Behind the histrionics of the US presidential race lies a profound fault line in Western political life. It is the division between those who think that only by talking can war be avoided, and those who think that sometimes only the threat of war can safeguard the right to talk and to live in freedom.
John McCain would use coercive pressure and military force if necessary to prevent the nuclear holocaust threatened by Iran or to pre-empt further attacks by Islamists. Barack Obama, by contrast, thinks war can be averted by talking to enemies to solve their grievances, and has said he would talk to Iran.
The notion that talking avoids war - a position otherwise known as appeasement - is a dangerous fallacy that has recently gained enormous traction in the West.
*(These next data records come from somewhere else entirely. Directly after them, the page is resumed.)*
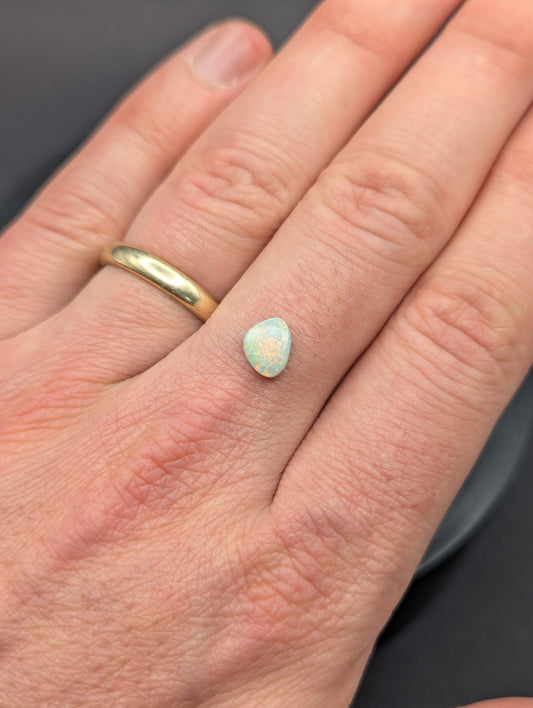 Australian Opal Polished Stone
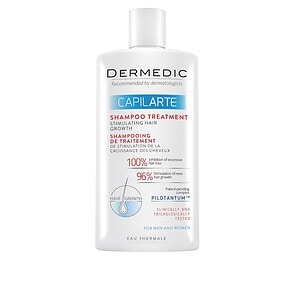 Șampon stimulare creștere păr, pentru bărbați și femei, formule pentru sănătate și volum păr.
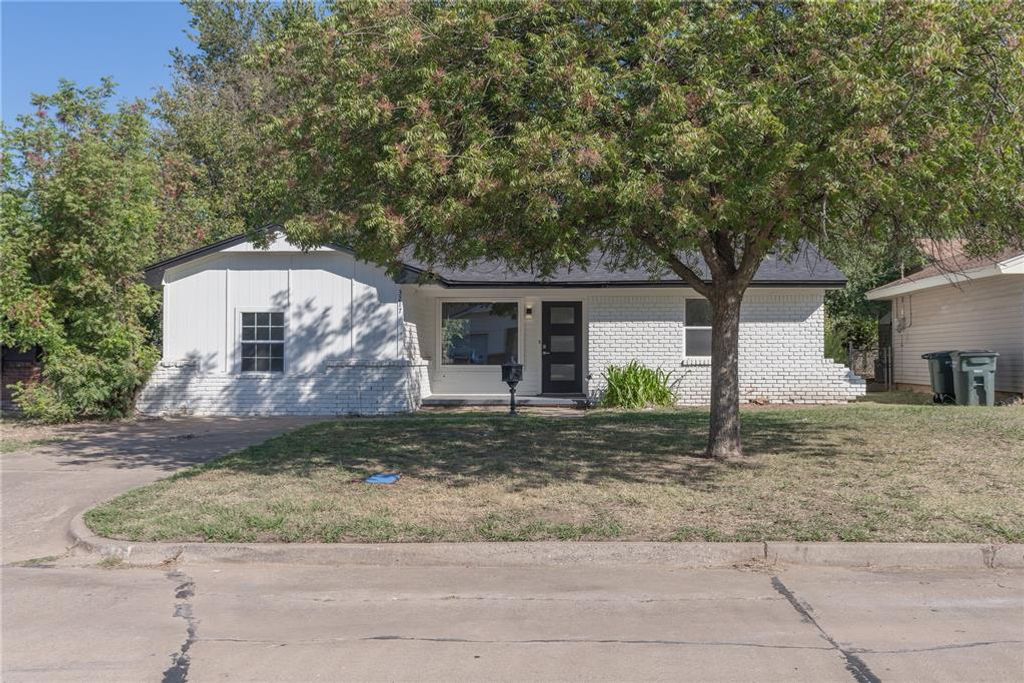 3217 Beechwood Drive, Del City, OK 73115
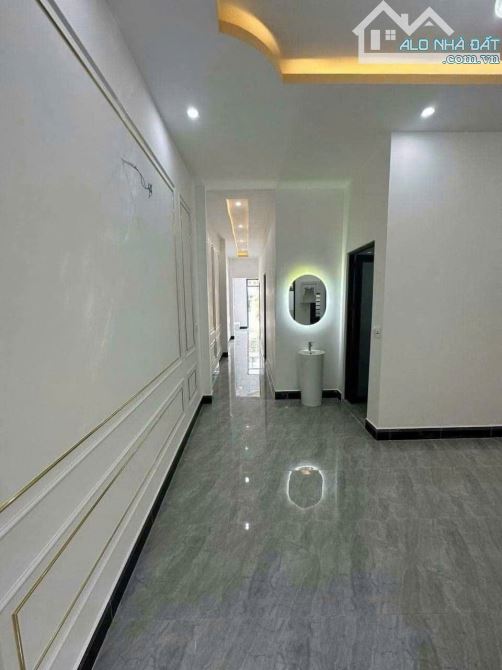 Cô 4 cần tiền bán nhà Trung Tâm Hóc Môn – Giá 970Triệu, 79m2 Sổ Hồng Riêng - 5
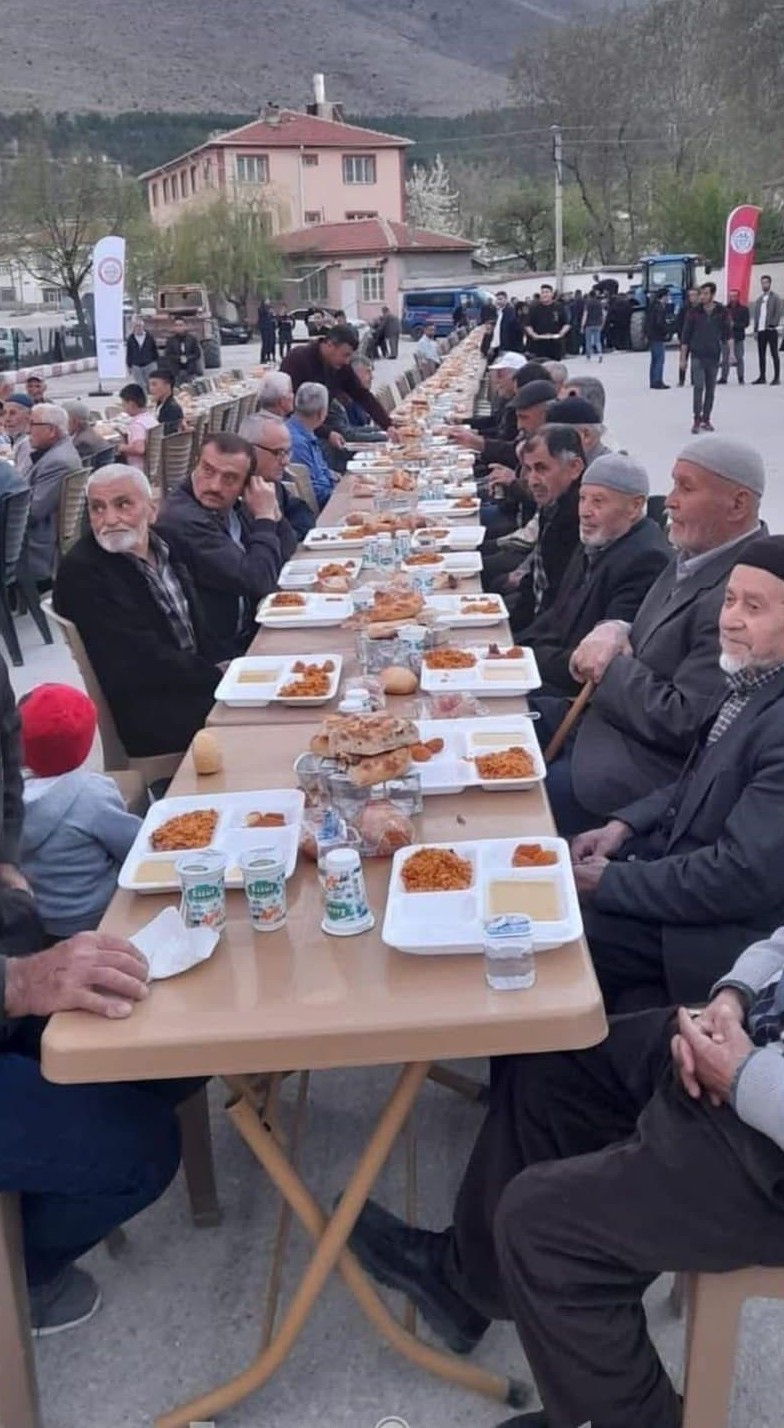 Ramazan ayında hayırseverlerden örnek uygulama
Both the Commons Foreign Affairs and International Development Select Committees have called for Britain and the West to start talking to Hamas. And at the end of October, the taxpayer-funded Institute of Contemporary Arts was due to host a debate between Usama Hamdan, of Hamas's governing council, and Alistair Crooke, a former British spy and founder of Conflicts Forum, which describes Palestinian terror as legitimate "resistance" and which has argued for "engagement" with Hamas. Paul M. Kennedy, a British historian at Yale, has written that for 70 years until the Second World War, appeasement was an established feature of British foreign policy. He defines it as a way of settling quarrels "by admitting and satisfying grievances through rational negotiation and compromise".